§ ABOUT THIS TASK
Print the data once more, exactly as given. Drop the pictures.

§ DATA PROVIDED
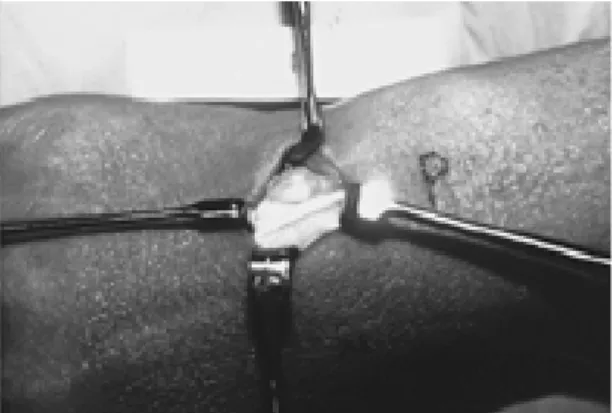 Fig. 3. Pathologic examination shows cystic lumen with containing thick clear mucoid fluid.
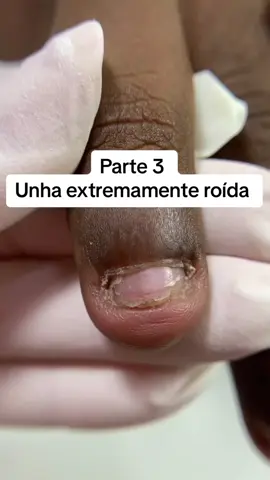 Parte 3 da unha mais roída desse feed 🫢 30 dias vencendo o vício de roer as unhas, e o resultado é de aplaudir em pé 👏🏼 Blindagem em unhas roídas são como um tratamento, fazemos cada etapa com período reduzido para incentivar a pessoa a não roer mais! Eu sinceramente estou amando esse resultado mas ainda queria alongar essas unhas 😅 E você também quer ver pelo menos um dedinho alongado comenta aqui “UNHA” e me ajuda a convencer esse cliente, nem que seja pelo engajamento 🫢  CONTO COM VOCÊS 👇🏼 #unharoida #nailtutorial #naildesigns #nails #cursounhadegel 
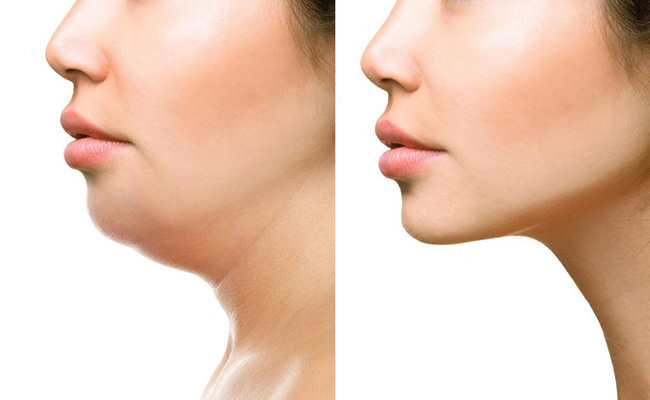 Cổ To Có Phải U Tuyến Giáp Không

§ WRITTEN RESPONSE
 Fig. 3. Pathologic examination shows cystic lumen with containing thick clear mucoid fluid.
 Parte 3 da unha mais roída desse feed 🫢 30 dias vencendo o vício de roer as unhas, e o resultado é de aplaudir em pé 👏🏼 Blindagem em unhas roídas são como um tratamento, fazemos cada etapa com período reduzido para incentivar a pessoa a não roer mais! Eu sinceramente estou amando esse resultado mas ainda queria alongar essas unhas 😅 E você também quer ver pelo menos um dedinho alongado comenta aqui “UNHA” e me ajuda a convencer esse cliente, nem que seja pelo engajamento 🫢  CONTO COM VOCÊS 👇🏼 #unharoida #nailtutorial #naildesigns #nails #cursounhadegel 
 Cổ To Có Phải U Tuyến Giáp Không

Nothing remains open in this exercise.